- Directions for this task:
In the records below, find the line that contains "Ribuan Masyarakat US" and the line that contains "Pent baderom med gulvvarme Galleribilde". Set down exactly those lines and every line between them, and nothing more.

- Given data:
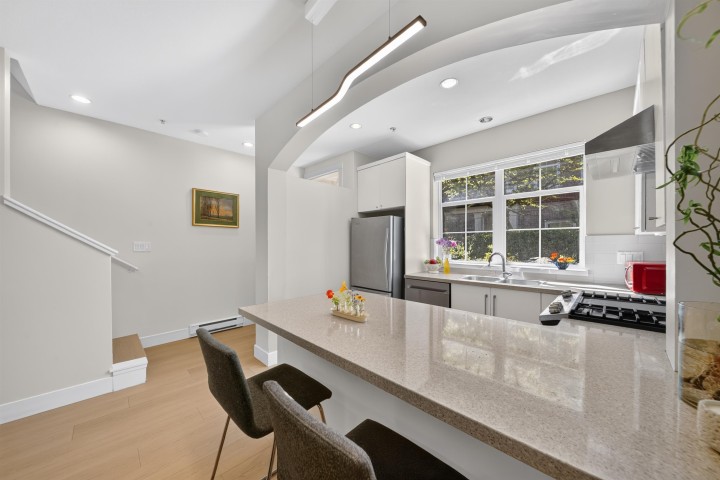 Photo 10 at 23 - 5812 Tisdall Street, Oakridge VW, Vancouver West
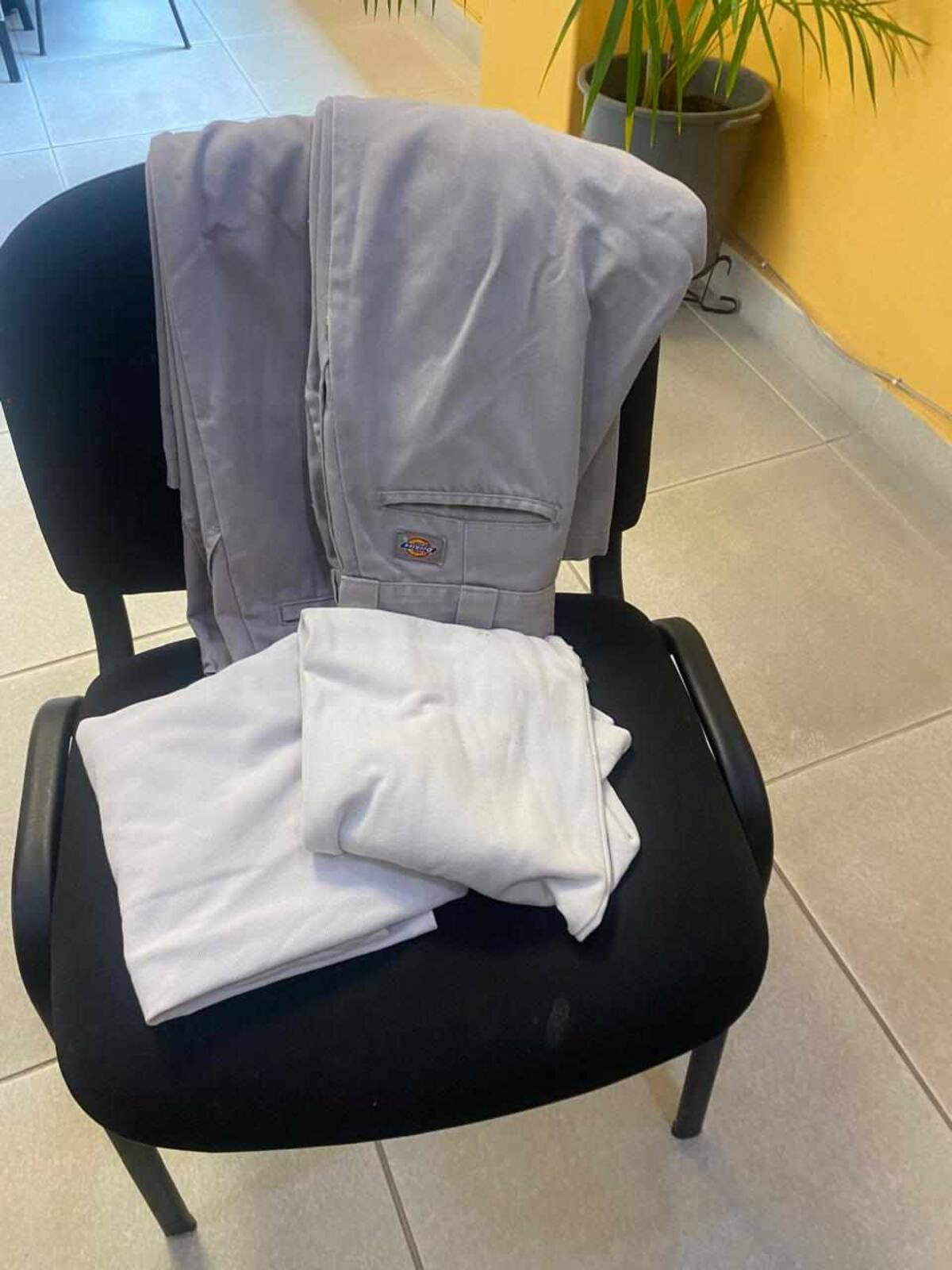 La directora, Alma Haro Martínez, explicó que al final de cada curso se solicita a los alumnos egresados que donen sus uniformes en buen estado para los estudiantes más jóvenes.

--

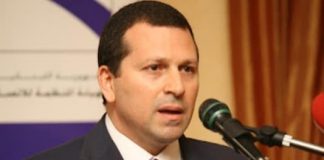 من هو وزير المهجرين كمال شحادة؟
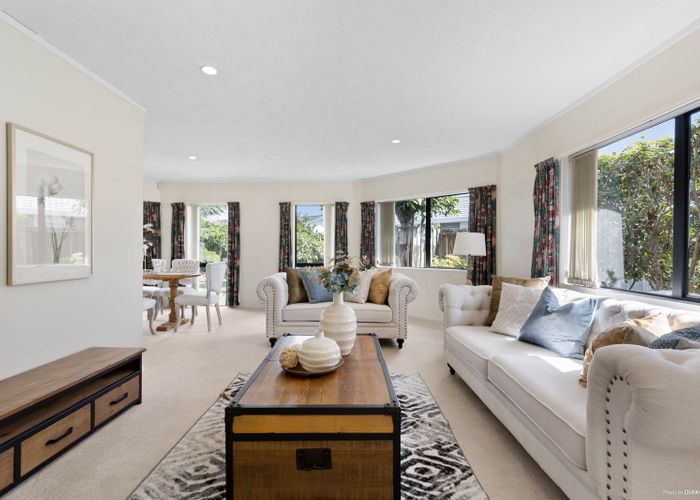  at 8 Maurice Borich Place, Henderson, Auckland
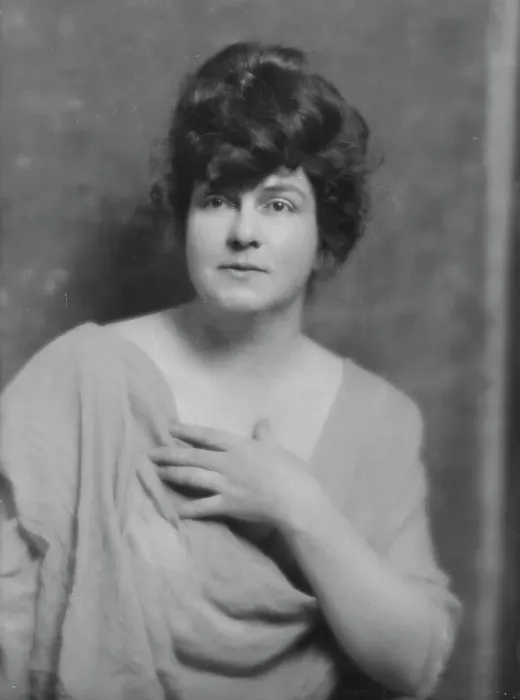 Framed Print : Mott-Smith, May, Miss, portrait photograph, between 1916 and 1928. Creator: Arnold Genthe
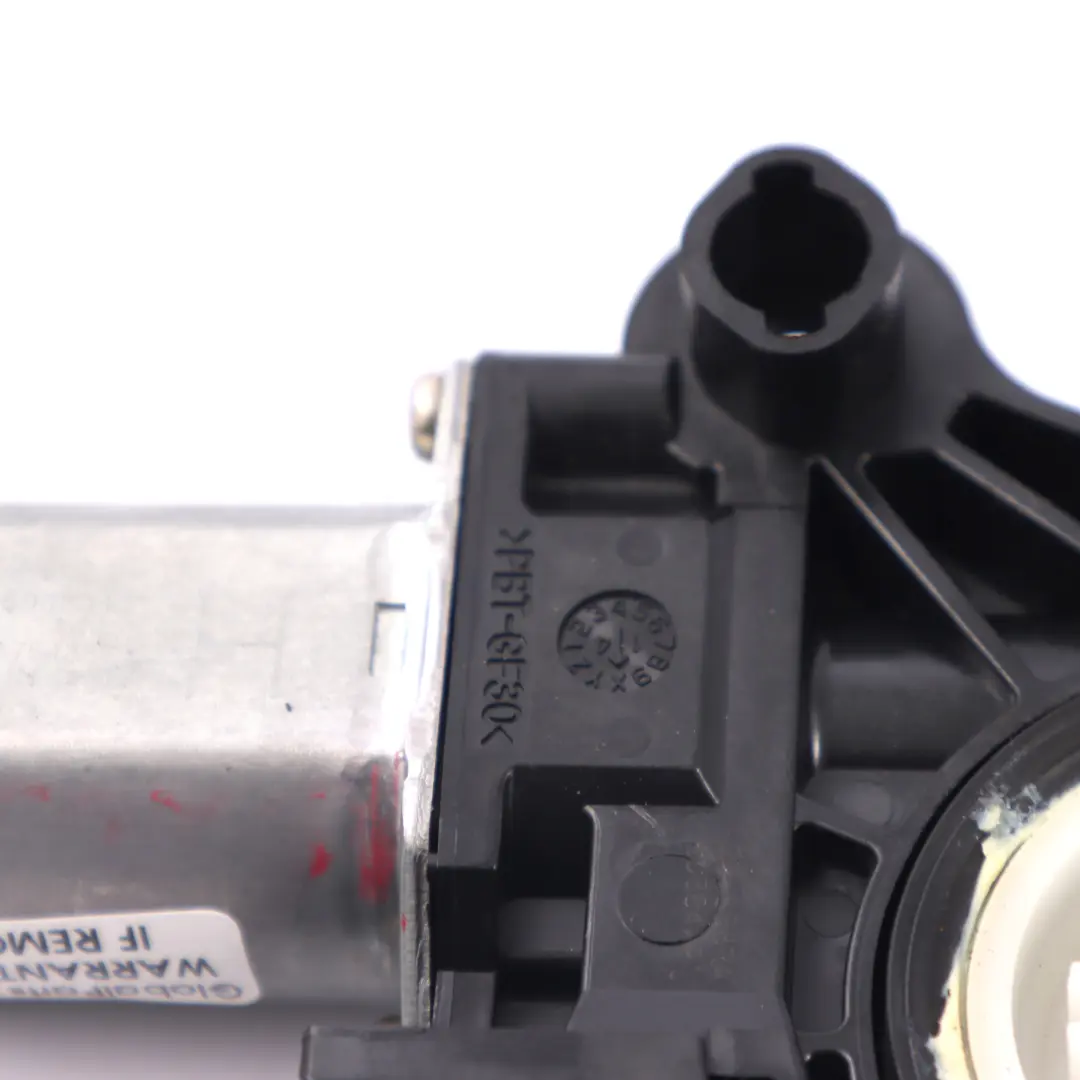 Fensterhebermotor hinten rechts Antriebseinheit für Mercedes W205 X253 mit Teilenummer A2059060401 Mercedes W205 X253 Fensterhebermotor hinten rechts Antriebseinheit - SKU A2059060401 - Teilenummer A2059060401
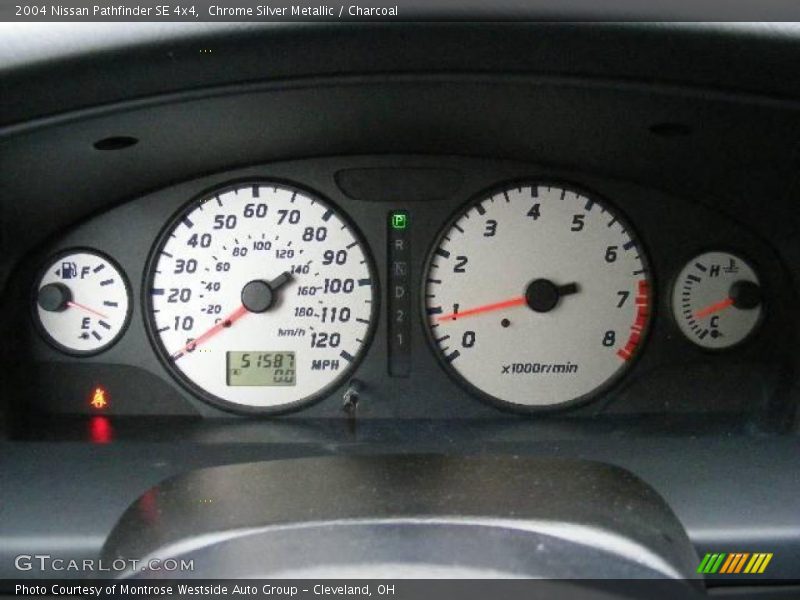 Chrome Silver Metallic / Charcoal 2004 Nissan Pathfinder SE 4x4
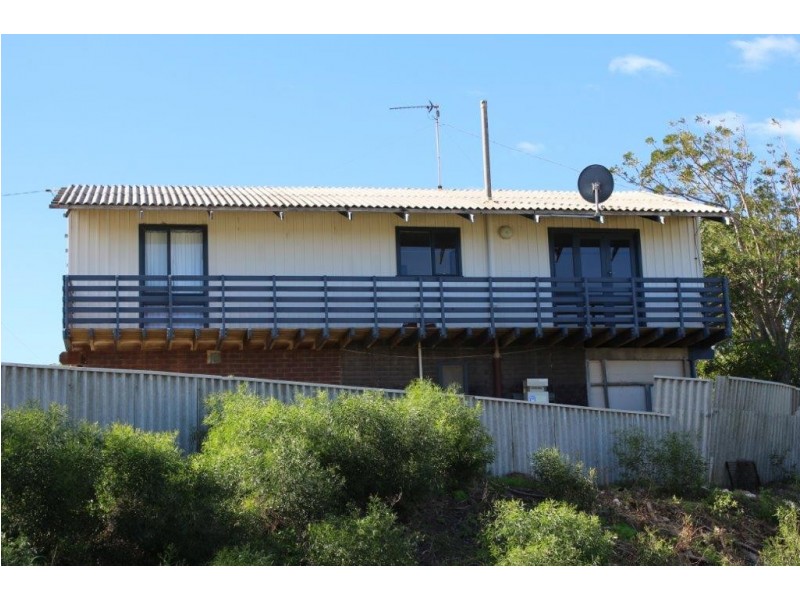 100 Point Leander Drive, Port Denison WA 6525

--

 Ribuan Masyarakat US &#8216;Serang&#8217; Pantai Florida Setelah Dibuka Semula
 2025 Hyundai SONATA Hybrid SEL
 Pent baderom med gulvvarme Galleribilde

- Answer area:
 Ribuan Masyarakat US &#8216;Serang&#8217; Pantai Florida Setelah Dibuka Semula
 2025 Hyundai SONATA Hybrid SEL
 Pent baderom med gulvvarme Galleribilde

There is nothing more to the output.